I’ve got Georgia on my mind, well peaches that is. There are road signs scattered throughout the freeway here in Florida screaming “Fresh Georgia peaches, exit now!” I’m seeing bins filled to the top at the Publix as low as $0.88/pound just for peaches. If that’s not my sign to buy peaches and do something with them then I don’t know what is!
Peaches are certainly at the top of my list for favorite fruits to eat. Not only do peaches have the capability to pair with just about anything in cooking from bourbon and chili peppers to creams and vinegars but there are many different recipes and techniques you can use to cook with them. When I think of peaches the first thing that comes into my head is cobblers followed by ice cream. I get excited just thinking about what recipe I can come up with next using peaches as the main ingredient. I prefer to eat my fruit fresh. The last time I purchased fruit in a can was at least 10 years ago. There is 1 exception to this, Greenbrier peaches. When I worked at the Greenbrier in West Virginia last year I started working in the pantry for a few months just to get my feet in the water before diving onto a hot line I had no experience with. One of the menu items that was a well liked favorite was the peaches. I didn’t understand why because they came straight out of a can that was kept frozen and thawed out the day of service. My supervisor assured me that I had to try one peach and I would understand the enigma. Mind blown. I still to this day don’t know what it is about those canned peaches that have become a historic item on the Main Dining Room menu but I do know that those peaches make damn good peach milkshakes with peach ice cream of course, and excellent smoothies.
With peaches being in my budget, which makes me a very happy girl, I’ve been able to have them on hand as a staple for the moment. Today I decided I wanted to do something with peaches I haven’t done before. One thing that came into my mind was pickling. I’ve never pickled fruit before but i see a lot more blogs where people are doing just that. The last fruit related thing I came across that seemed bizarre to me was pickled watermelon rind. I’ve always thrown that part away but if you think about it in a smarter sense it could be a good way to save on food cost. A good way to get the most out of your product before tossing it. Needless to say that project is on my list of things to try, be on the look out for that post in the near future. The original recipe made 4 quarts, I only needed enough for one jar so I cut back on the recipe by half.
Prep Time: 10 Minutes
Total Time: 20 Minutes
-2 Peaches, peeled, and cut
-1 Cup Granulated Sugar
-1 Cup White Vinegar
-1 Cup Water
-2 Cinnamon Sticks
-2 Star Anise
-Combine the sugar, vinegar and water in a large pot, and bring to a boil.
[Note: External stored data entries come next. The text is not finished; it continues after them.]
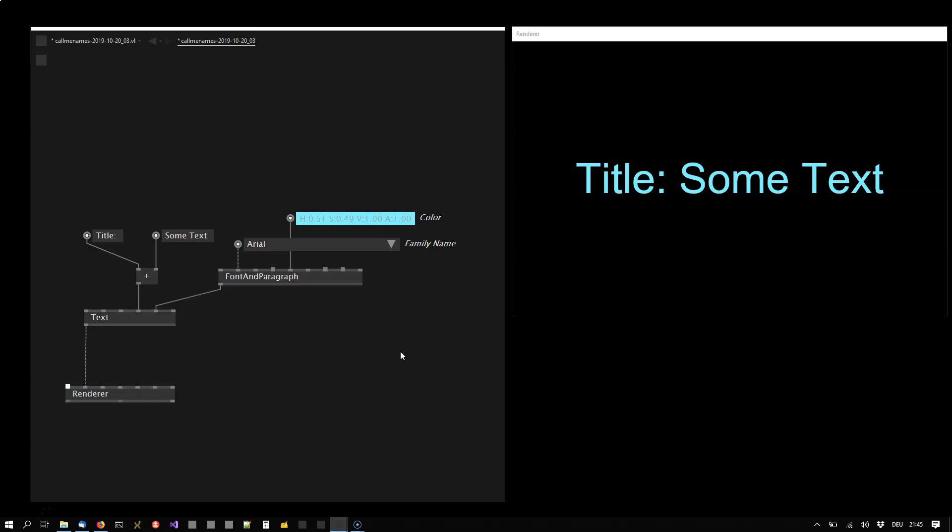So the scenario is this. You've put together a bunch of nodes that do something and you want to reuse that exact combination of nodes. So you want to wrap them away in a node. You want to make your own node.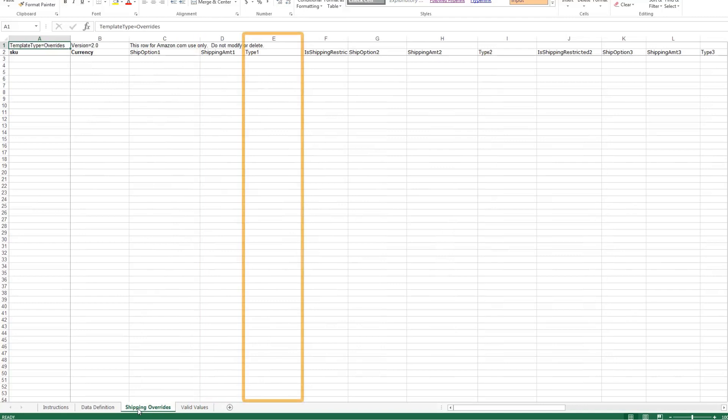In column E, you have two options: additive or exclusive. Additive means the shipping charge you specify will be added in addition to your regular shipping settings. Exclusive means the shipping charge you specify will be used instead of your regular shipping settings.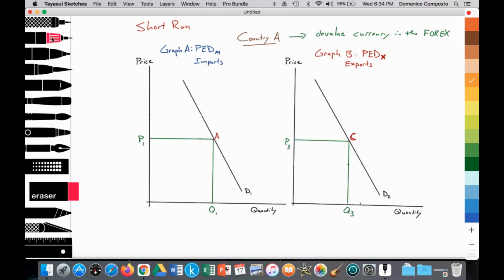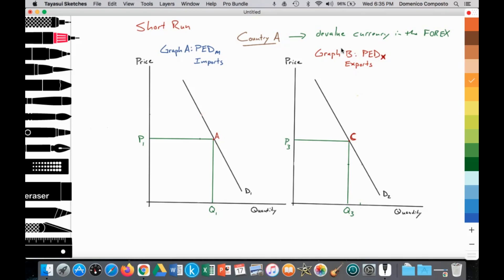We can see that we have two fairly inelastic demand curves. Graph A is the price elasticity of demand for imports, and Graph B is the price elasticity of demand for exports. We have a price set at P1 with a quantity demanded at Q1 for imports at point A, and a price set at P3 with a quantity demanded at Q3 at point C for exports. But the country decides to devalue — they're going to reduce the purchasing power of their currency in the foreign exchange market.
Boil for 5 minutes.
Pour liquid over the peaches to 1/2 inch from the rim. Put one cinnamon stick into jar. Wipe the rims with a clean dry cloth, and seal with lids and rings. Process in a hot water bath for 10 minutes to seal.
-Let sit in refrigerator at least 4 days before trying.
**Note: If your peaches aren’t quite ripe you can cook them in the vinegar solution, after your boiled that for 10 minutes, until tender. Spoon peaches into a jar first and then add the liquid.
-Cloves also work well for this recipe instead of using Anise.